Nicolas Gillis has been one of the people who has tried to make mathematical sense as to why an empirical matrix factorization has been so successful for the past 14 years. His latest arxiv preprint (see below) provides some perspectives on where we are in that respect. It is no secret that every paper using nonnegative matrix factorization has produced its own version of the NMF decomposition in some way or another. To call the ensemble a zoo would be, at the very least, charitable. I personally decided to call it a jungle. This sentiment of being lost in the jungle has had a curious side effect: the cannibalization of the semantics used for matrix factorization. Indeed, in many people's mind, Matrix Factorization and NMF hae become one and the same. This is a situation not unlike the one we faced in compressive sensing with the myriad of sparsity seeking solvers. In turn, this issue of being easily lost led me to write this blog entry pointing to a solution: If there is revolution in rank minimization and nobody hears about it, is this a revolution ? or this one. The remedy to this state of affairs in compressive sensing has been to use the "acid test" of the universal phase transitions. One can expect that at some point in time we'll surely get there with NMF as well. Without further due, here is the paper: The Why and How of Nonnegative Matrix Factorization by Nicolas Gillis (Update: version 2 is here , also Matlab

__code__, attendant slides)Nonnegative matrix factorization (NMF) has become a widely used tool for the analysis of high-dimensional data as it automatically extracts sparse and meaningful features from a set of nonnegative data vectors. We first illustrate this property of NMF on three applications, in image processing, text mining and hyperspectral imaging --this is the why. Then we address the problem of solving NMF, which is NP-hard in general. We review some standard NMF algorithms, and also present a recent subclass of NMF problems, referred to as near-separable NMF, that can be solved efficiently (that is, in polynomial time), even in the presence of noise --this is the how. Finally, we briefly describe some problems in mathematics and computer science closely related to NMF via the nonnegative rank.

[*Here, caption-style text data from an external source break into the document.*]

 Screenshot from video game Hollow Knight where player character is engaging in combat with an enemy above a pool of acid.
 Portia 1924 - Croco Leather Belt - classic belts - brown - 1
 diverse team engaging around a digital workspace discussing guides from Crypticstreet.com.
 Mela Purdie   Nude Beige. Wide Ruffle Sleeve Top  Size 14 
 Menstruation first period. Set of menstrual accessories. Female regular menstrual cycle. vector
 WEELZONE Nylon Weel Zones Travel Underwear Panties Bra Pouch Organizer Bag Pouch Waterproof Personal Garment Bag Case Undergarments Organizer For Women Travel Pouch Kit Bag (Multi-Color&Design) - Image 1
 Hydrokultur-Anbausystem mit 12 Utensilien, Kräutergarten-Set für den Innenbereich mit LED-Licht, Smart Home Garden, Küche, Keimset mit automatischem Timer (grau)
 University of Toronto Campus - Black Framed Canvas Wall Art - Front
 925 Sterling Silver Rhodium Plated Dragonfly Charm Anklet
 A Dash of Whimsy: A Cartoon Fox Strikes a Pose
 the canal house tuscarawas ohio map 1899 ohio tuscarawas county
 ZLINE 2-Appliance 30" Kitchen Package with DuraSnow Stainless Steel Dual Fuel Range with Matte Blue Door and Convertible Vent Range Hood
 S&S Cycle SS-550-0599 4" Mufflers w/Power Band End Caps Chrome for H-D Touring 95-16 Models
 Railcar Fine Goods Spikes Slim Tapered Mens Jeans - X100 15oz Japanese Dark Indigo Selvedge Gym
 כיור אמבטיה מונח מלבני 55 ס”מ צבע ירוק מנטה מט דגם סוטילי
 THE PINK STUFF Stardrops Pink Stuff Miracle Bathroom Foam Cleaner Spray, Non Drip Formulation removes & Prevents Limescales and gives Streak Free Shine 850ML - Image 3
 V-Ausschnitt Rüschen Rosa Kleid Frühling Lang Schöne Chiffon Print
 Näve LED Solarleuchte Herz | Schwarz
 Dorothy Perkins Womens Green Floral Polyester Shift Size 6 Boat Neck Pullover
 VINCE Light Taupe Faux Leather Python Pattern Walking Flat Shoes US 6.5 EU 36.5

also relevant: Algorithms for nonnegative matrix and tensor factorizations: a unified view based on block coordinate descent framework by Jingu Kim, Yunlong He, Haesun Park

Abstract We review algorithms developed for nonnegative matrix factorization (NMF) and nonnegative tensor factorization (NTF) from a unified view based on the block coordinate descent (BCD) framework. NMF and NTF are low-rank approximation methods for matrices and tensors in which the low-rank factors are constrained to have only nonnegative elements. The nonnegativity constraints have been shown to enable natural interpretations and allow better solutions in numerous applications including text analysis, computer vision, and bioinformatics. However, the computation of NMF and NTF remains challenging and expensive due the constraints. Numerous algorithmic approaches have been proposed to efficiently compute NMF and NTF. The BCD framework in constrained non-linear optimization readily explains the theoretical convergence properties of several efficient NMF and NTF algorithms, which are consistent with experimental observations reported in literature. In addition, we discuss algorithms that do not fit in the BCD framework contrasting them from those based on the BCD framework. With insights acquired from the unified perspective, we also propose efficient algorithms for updating NMF when there is a small change in thereduced dimension or in the data. The effectiveness of the proposed updating algorithms are validated experimentally with synthetic and real-world data sets.